• [About this exercise] An exact copy is needed of the lines in the entries below from the line with "Key, FL 33043" up to and including the line with "Kia Ceed 1.6 CRDi 136 ISG GT Line - 26", and of nothing else. Leave the pictures out.

• [Available data]
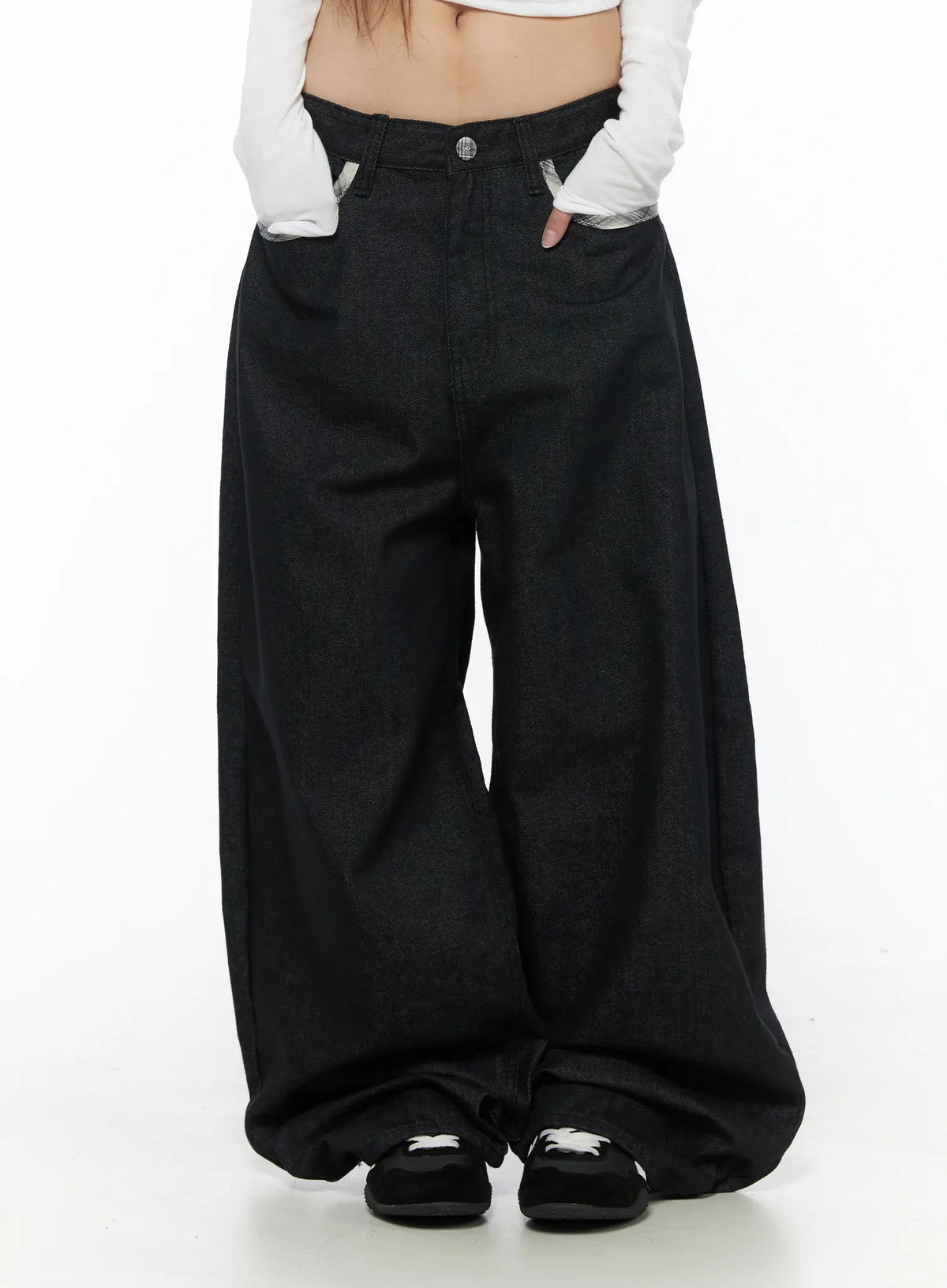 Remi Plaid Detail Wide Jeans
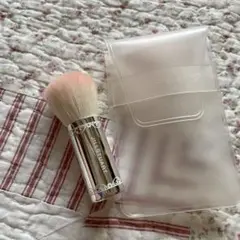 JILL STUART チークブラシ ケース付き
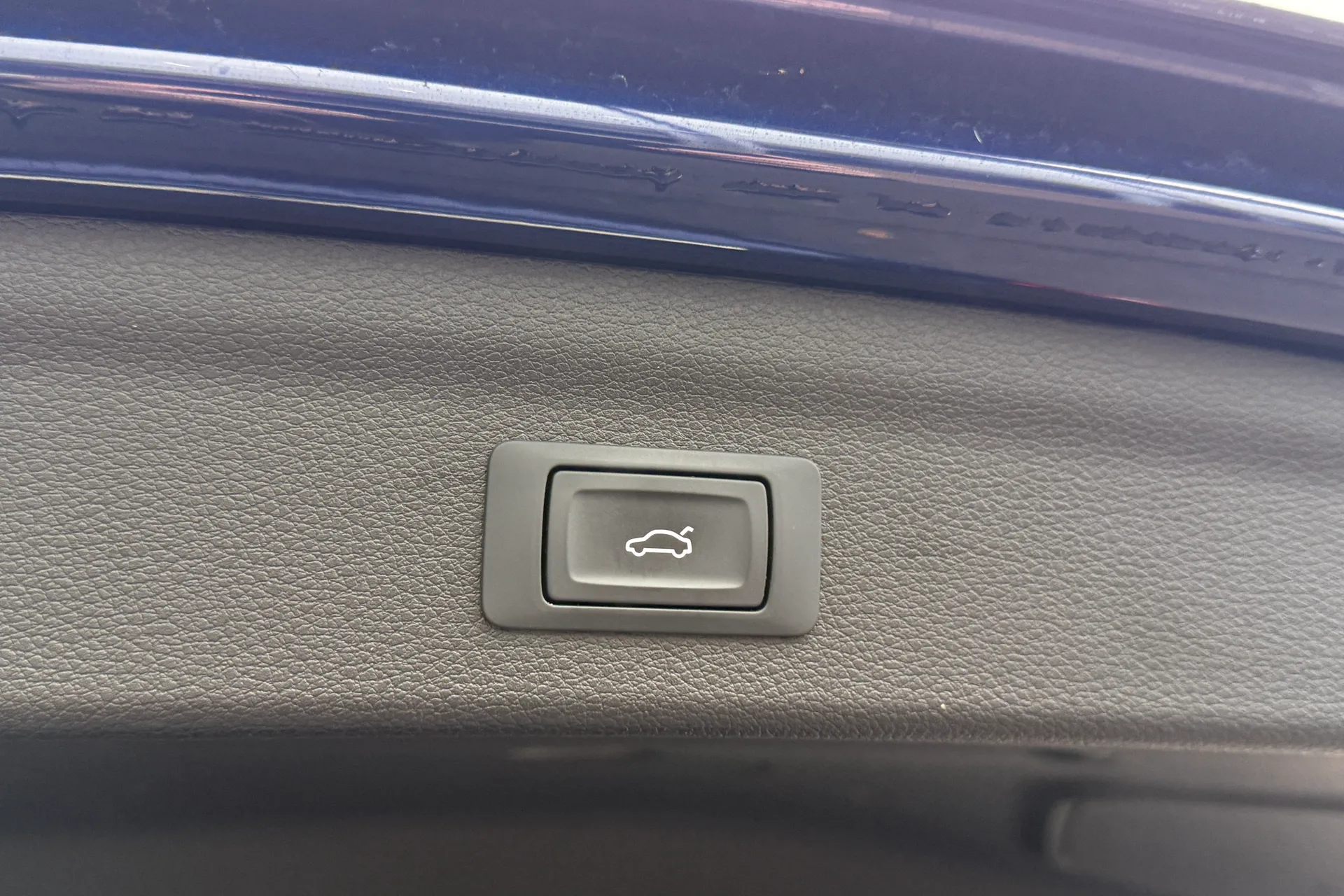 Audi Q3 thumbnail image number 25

* * *

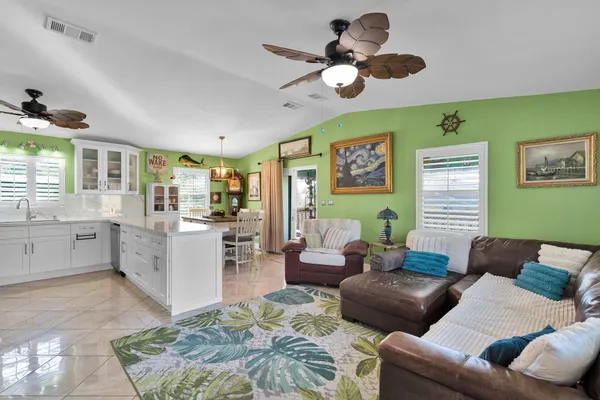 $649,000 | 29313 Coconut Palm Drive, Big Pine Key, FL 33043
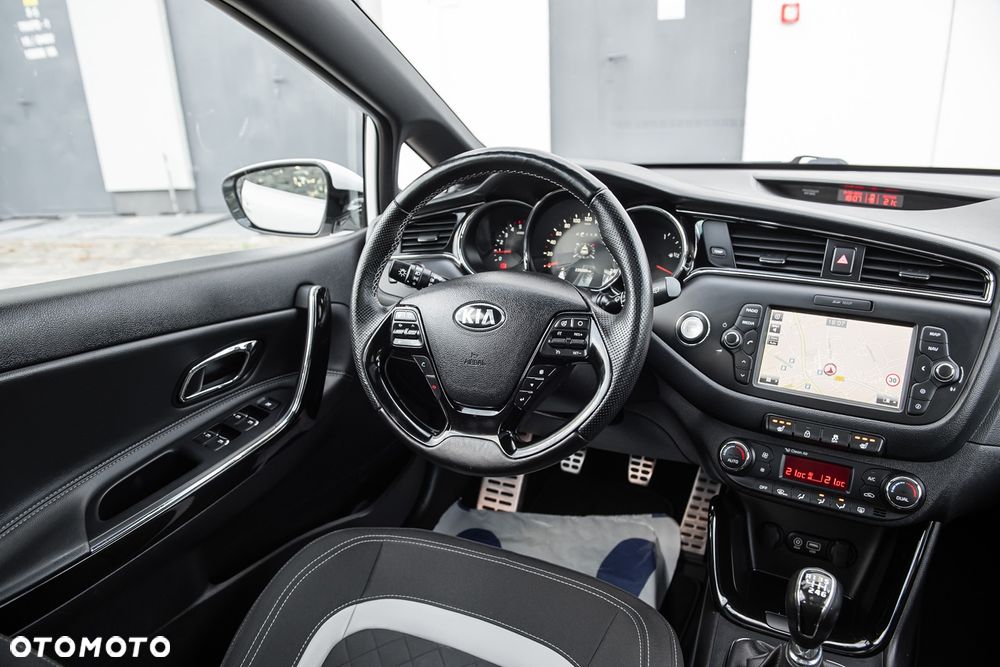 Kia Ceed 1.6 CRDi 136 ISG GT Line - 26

* * *

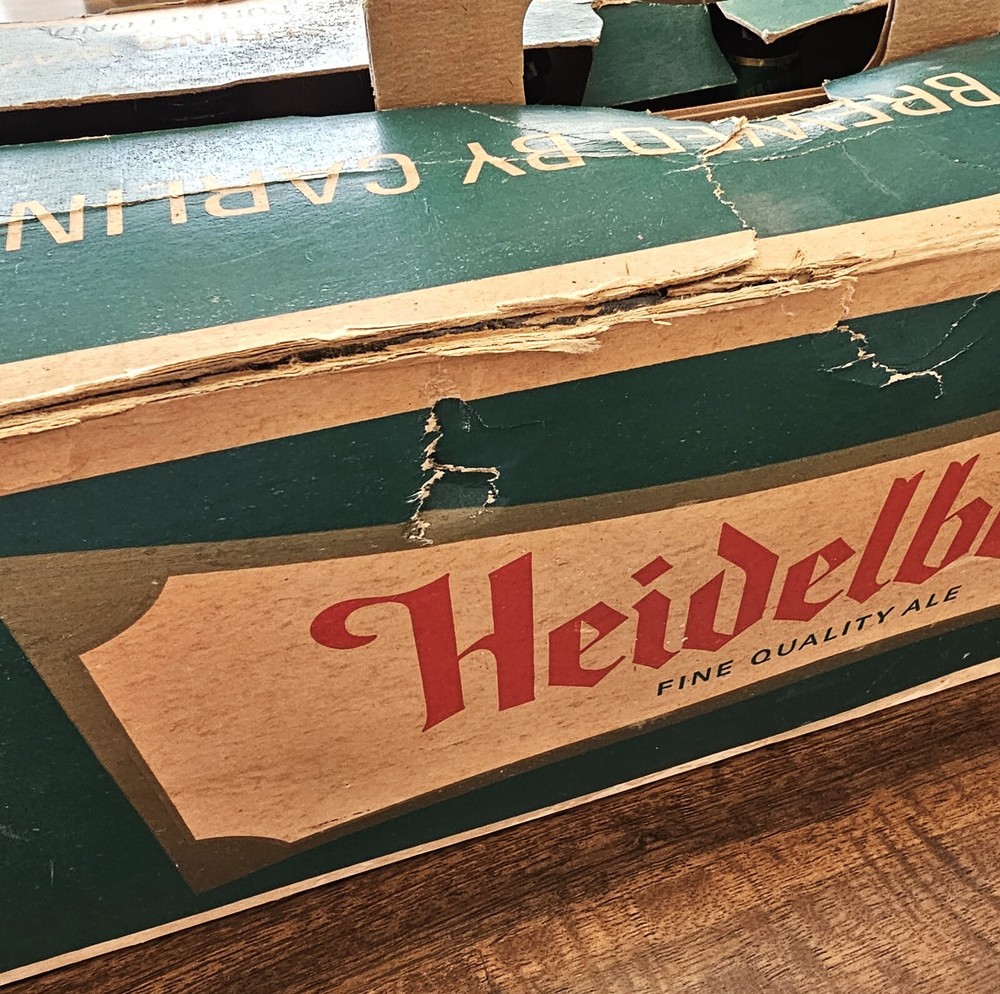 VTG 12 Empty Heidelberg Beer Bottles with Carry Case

• [Task result]
 $649,000 | 29313 Coconut Palm Drive, Big Pine Key, FL 33043
 Kia Ceed 1.6 CRDi 136 ISG GT Line - 26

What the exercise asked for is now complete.